Bruce Kaphan kicks it up a notch on his second album by augmenting his already unique pedal steel guitar stylings with a full band. In addition to accompanying himself on keyboards and acoustic guitar, Kaphan is joined by other musicians on ukulele, electric guitar, bass, and drums. A string quartet also joins the proceedings.
Most listeners identify the twang of the pedal steel guitar with country and western music. Thanks to Kaphan’s creativity and originality, that perception is a thing of the past. The sound of the pedal steel guitar is still unmistakable, although Kaphan uses it in completely different contexts. For example, he plays leads and rhythms on pedal steel that are traditionally played by electric guitar.

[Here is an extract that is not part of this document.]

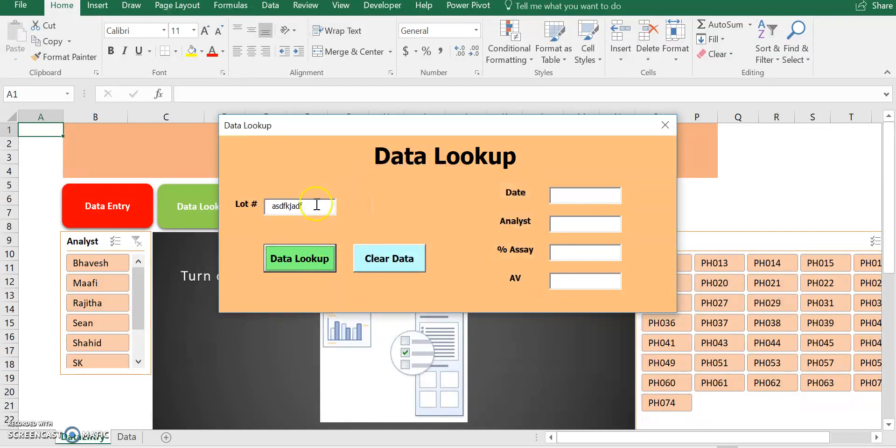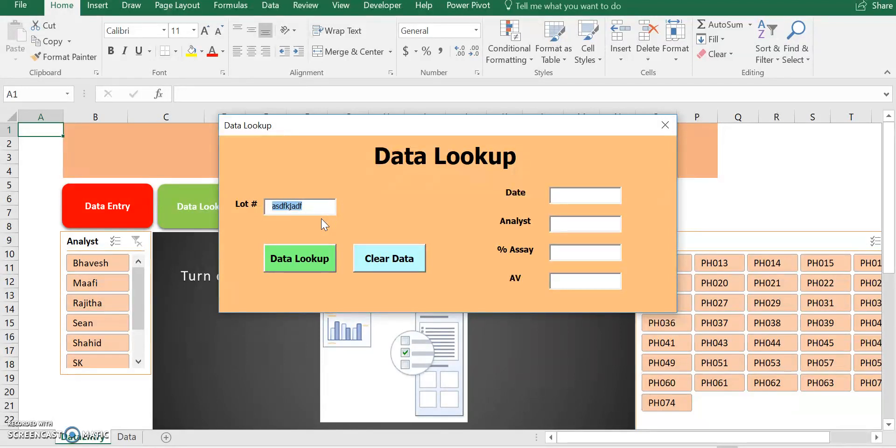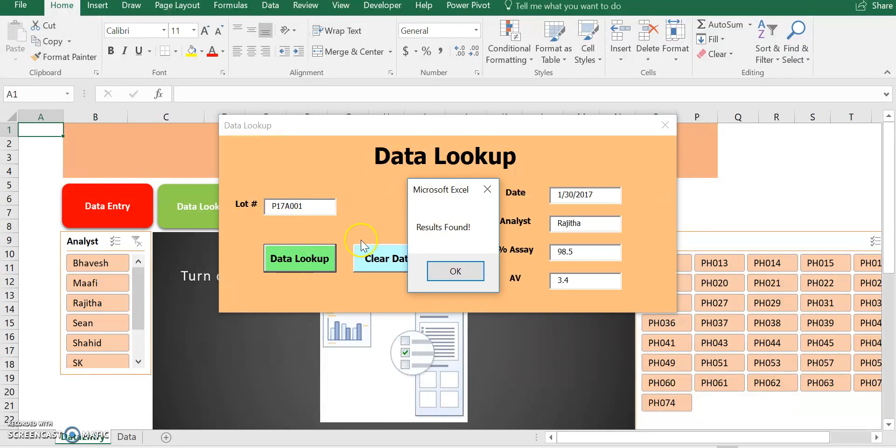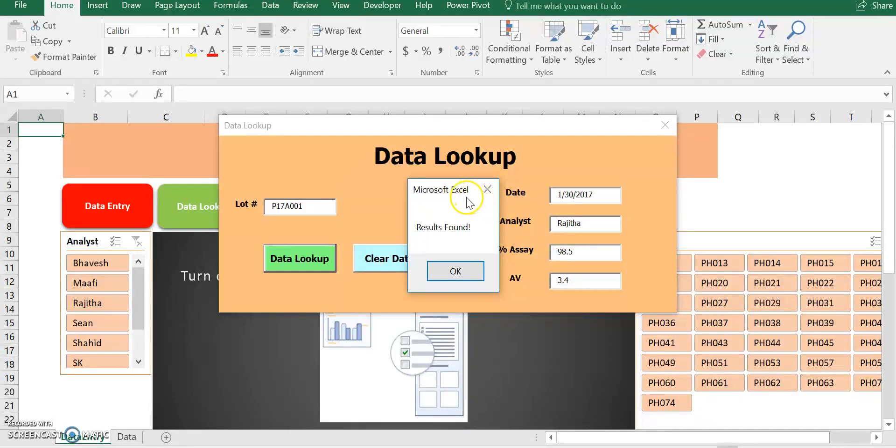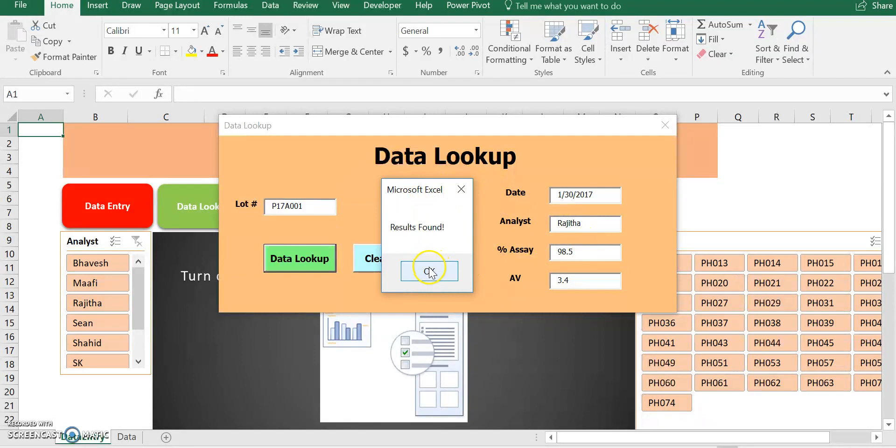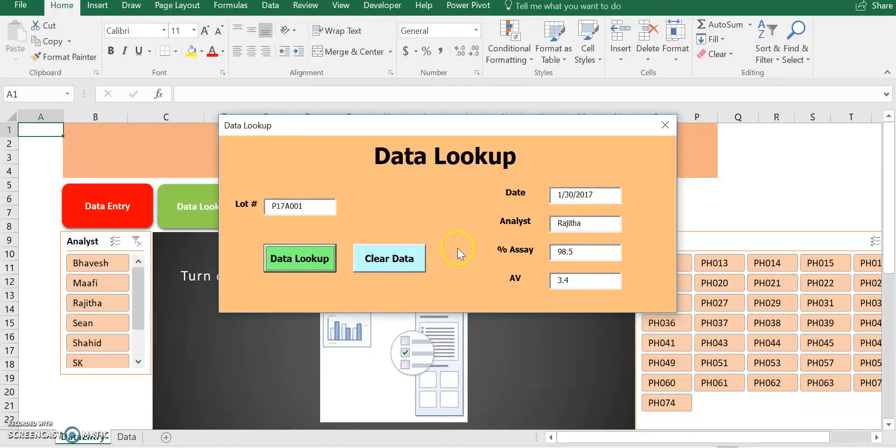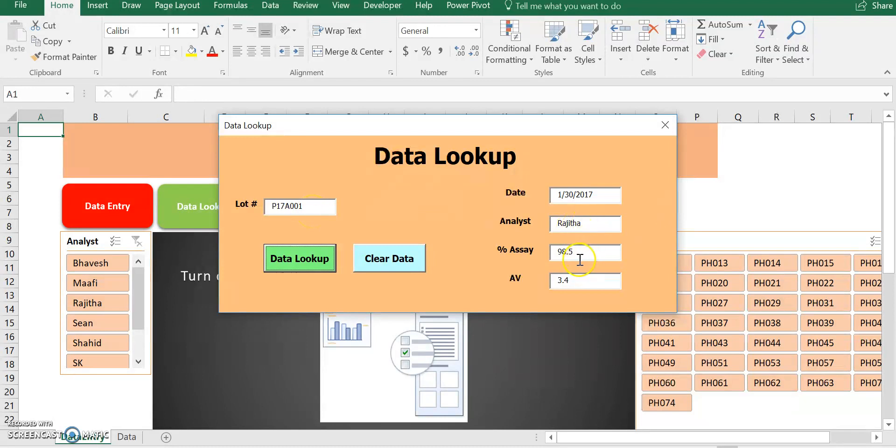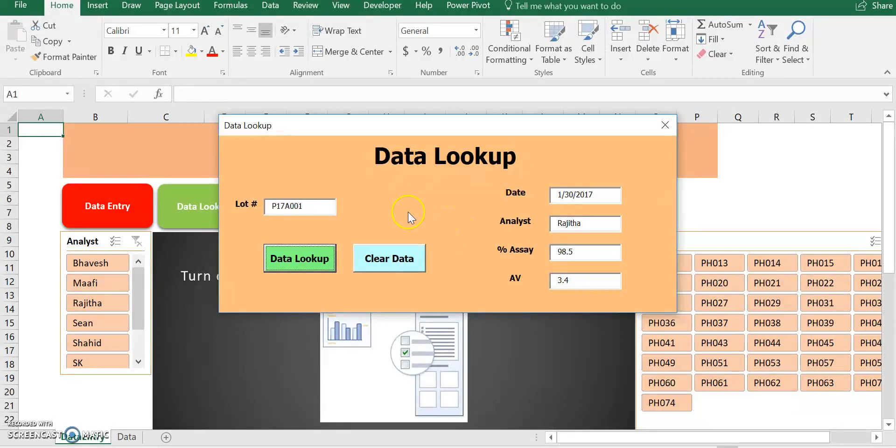So let's actually try one product that's actually in the system. I'm going to say, I think it was P17A001, right? So I'm going to look up data. As you can see, results found. So the date is pulled, the analyst is pulled, and the percent assay is pulled. Let's see if it's correct. Remember, it's P17A001, I believe it's the first sample in our database. Regida 98.5, let's see if it's correct. I should have put a go to database button here, but I forgot. It's okay, it's easy to do.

On the standout track “Gleaming Towers,” the pedal steel sounds almost like a slow-burn electric guitar solo. However, at the same time, it also sounds like a sitar, especially with the accompaniment of tablas. While the song features elements of both Western and Indian music, it does not belong fully in either camp. Rather, it is cosmological, like much of the album.
Other memorable tunes include the rockabilly rhythms of “Loops for Larry,” the nostalgic and idyllic tones of “Legacy,” and the bright, feel-good optimism of “There But 4.”
The album has the cumulative effect of Patsy Cline wandering into the Twilight Zone, and the resulting Hybrid is exhilarating.